Author Contributions

AS contributed to the conceptualization and design of the study, the data collection and interpretation. SZ and XD wrote and editing the manuscript. SZ and XM contributed to the protocol planning, data collection and analysis. SZ, XD, JG, YD and YW contributed to patient recruitment and data collection. All authors contributed to editorial changes in the manuscript. All authors read and approved the final version of the paper.

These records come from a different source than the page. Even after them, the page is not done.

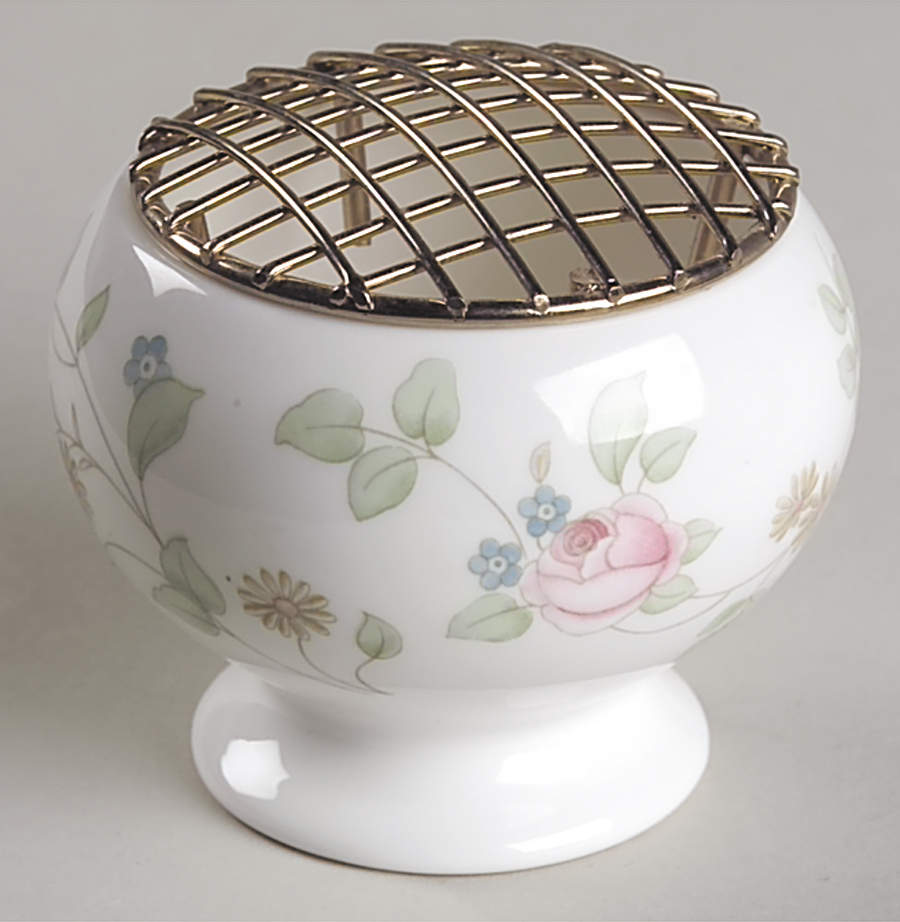 Rosehip 2" Rose Bowl by Wedgwood-1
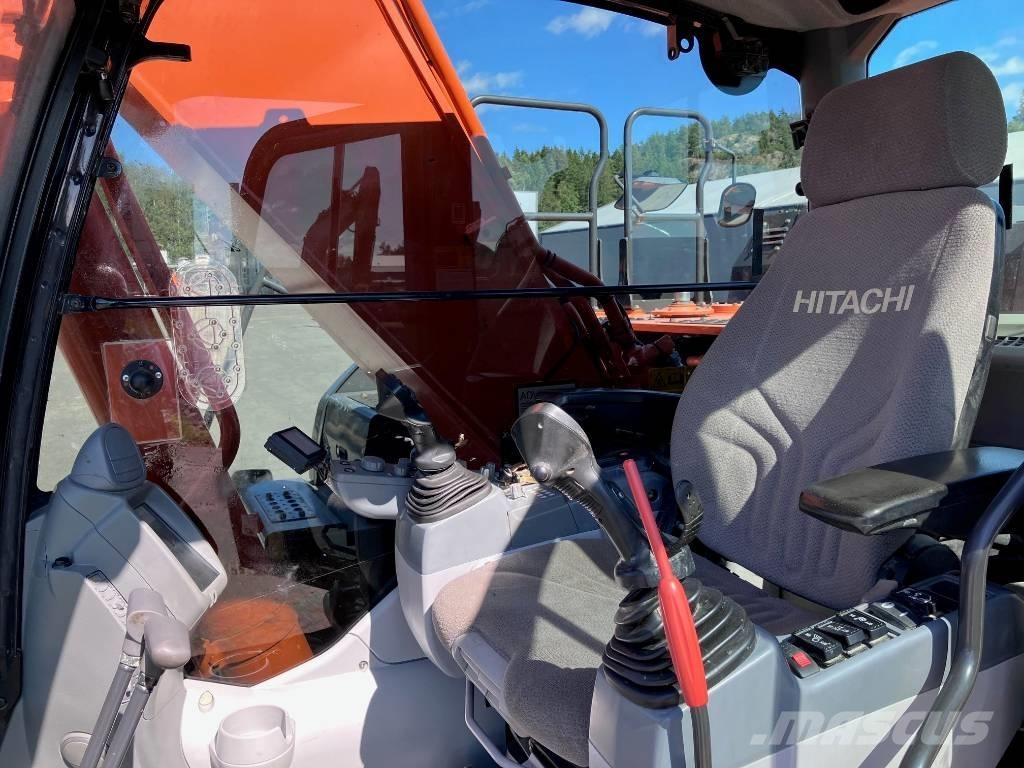 Hitachi ZX 300 LC-6 Pásové rýpadlá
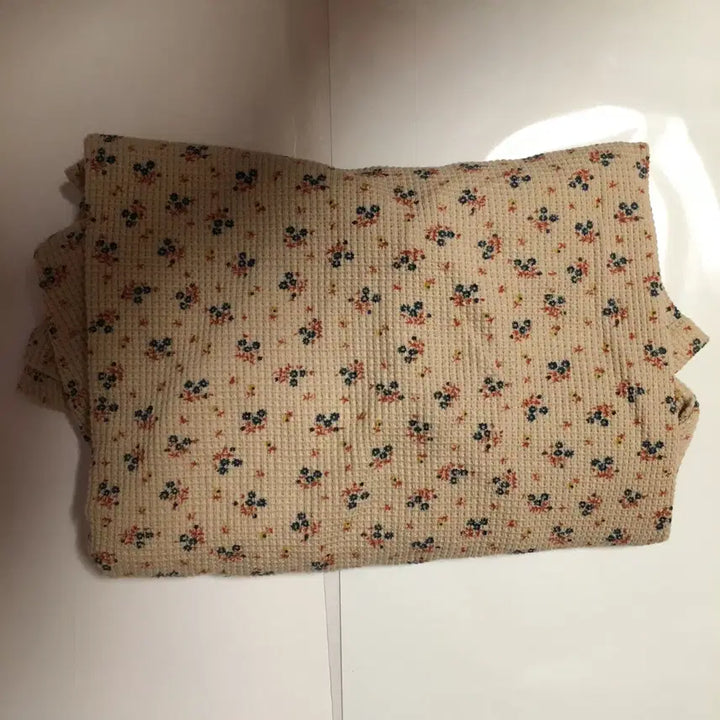 [BUNJANG] Haluminium Front Hole Cardigan Flower / 할로미늄 프론트 홀 가디건 플라워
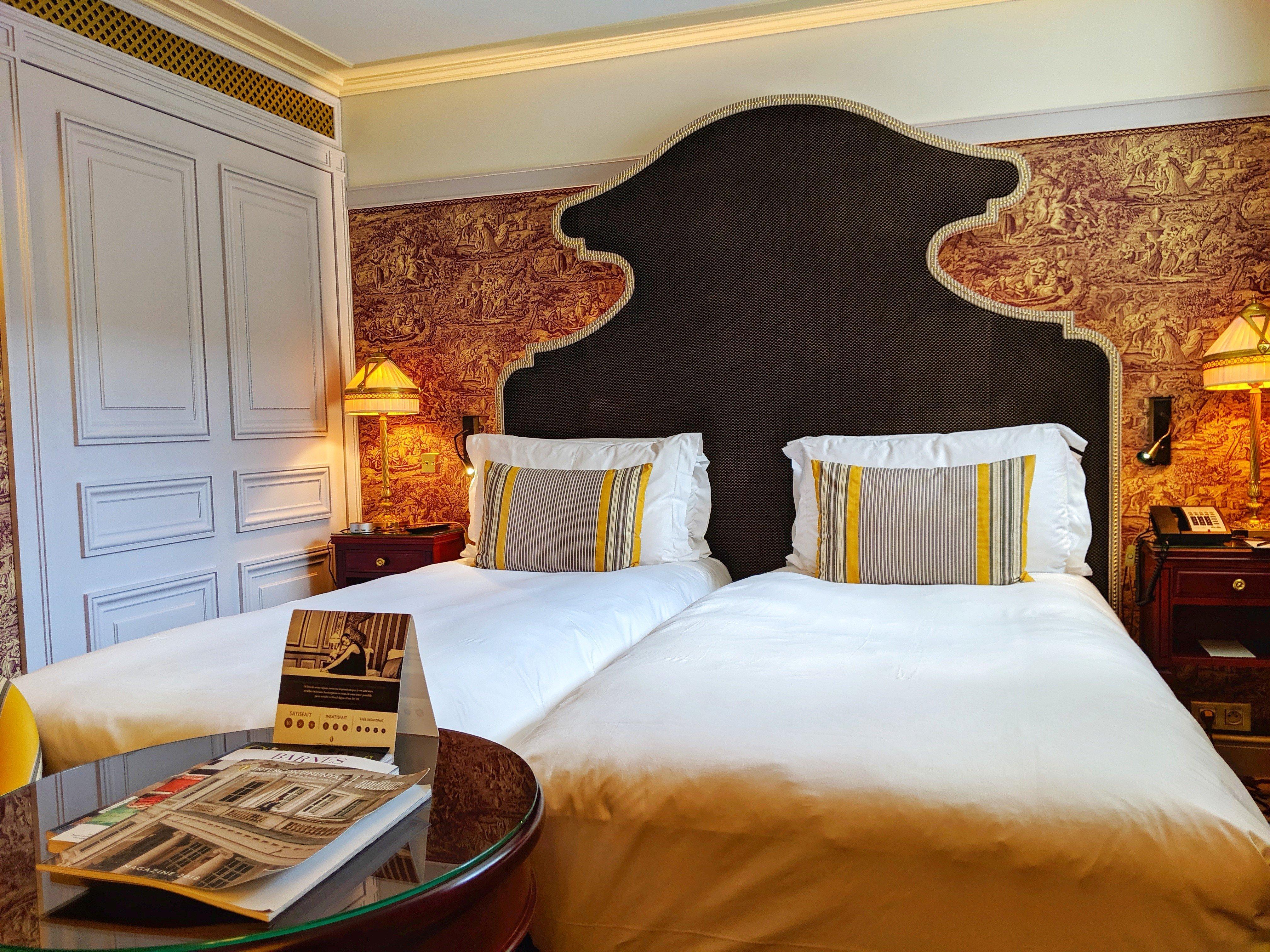 Intercontinental Bordeaux Le Grand Hotel By Ihg Esterno foto A room at the hotel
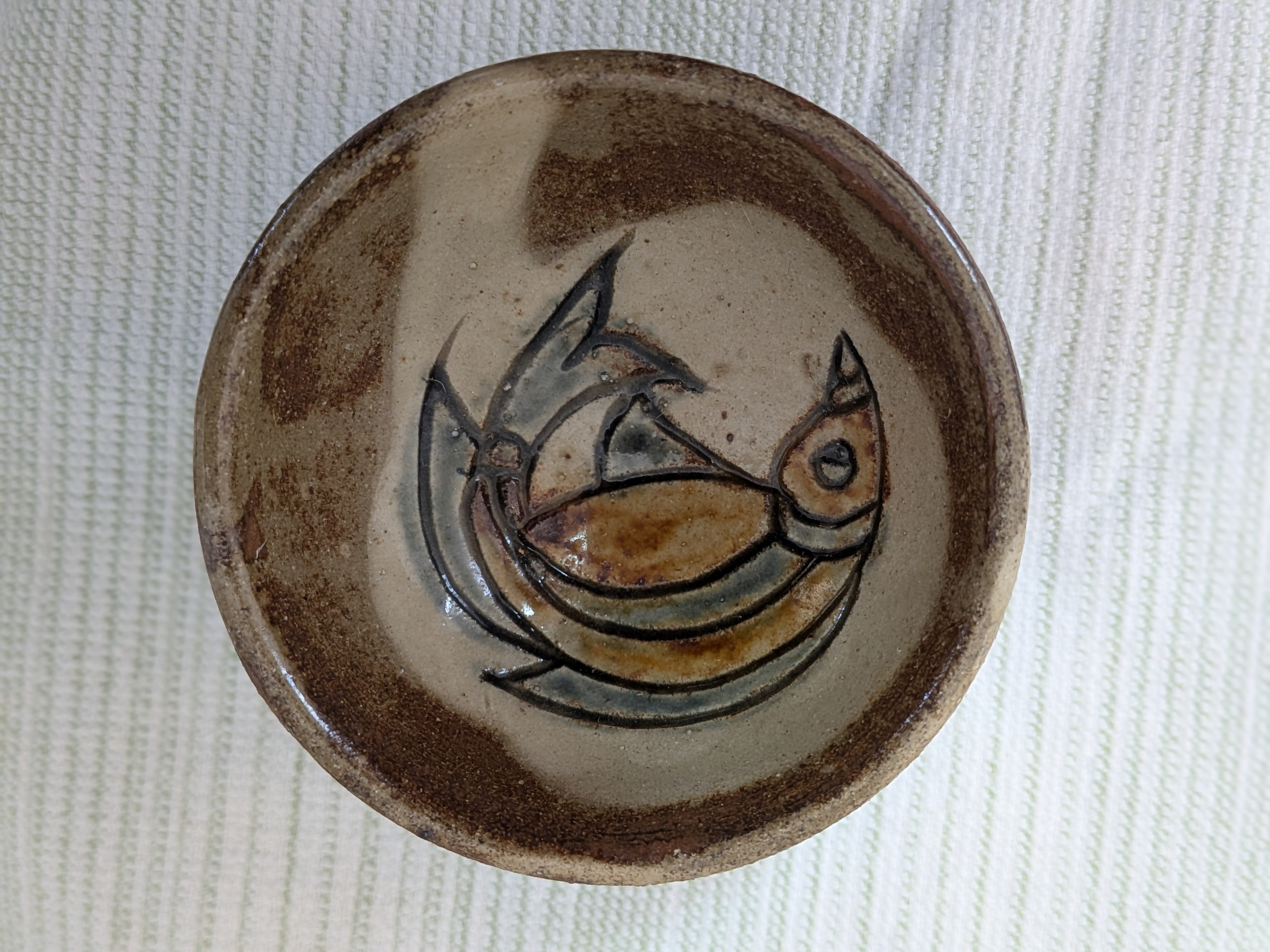Toshio Kinjo Okinawan Yachimun Ceramic Guinomi Sake Cup - Hand-Incised Fish Motif (魚紋) - thumbnail 2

Ethics Approval and Consent to Participate

All patients recruited were fully informed, and the informed consent was signed by each participant. he protocol of this trial was evaluated and approved by the Ethics Committee of Peking Union Medical College Hospital, Peking Union Medical College, Chinese Academy of Medical Science (No.ZS-1913).

Acknowledgment

We are grateful to all the women who participated in our study, and appreciate the arduous work performed by the clinicians and nurses in cooperating hospitals, namely Beijing Obstetrics and Gynecology Hospital, First People’s Hospital of Hangzhou affiliated to Zhejiang University, the Second Affiliated Hospital of Nanchang University, the Hubei Maternal and Child Health Hospital, the First Affiliated Hospital of Chongqing Medical University, Fujian Maternal and Child Health Hospital, and Liuzhou Maternal and Child Health Hospital.

Funding

This study received funding from the Capital’s Funds for Health Improvement and Research (CFH: 2020-2-40113), the Natural Science Foundation of China (No. 82074143), and the Non-profit Central Research Institute Fund of Chinese Academy of Medical Sciences (NO. 2020-PT320-003).

Conflict of Interest

The authors declare no conflict of interest.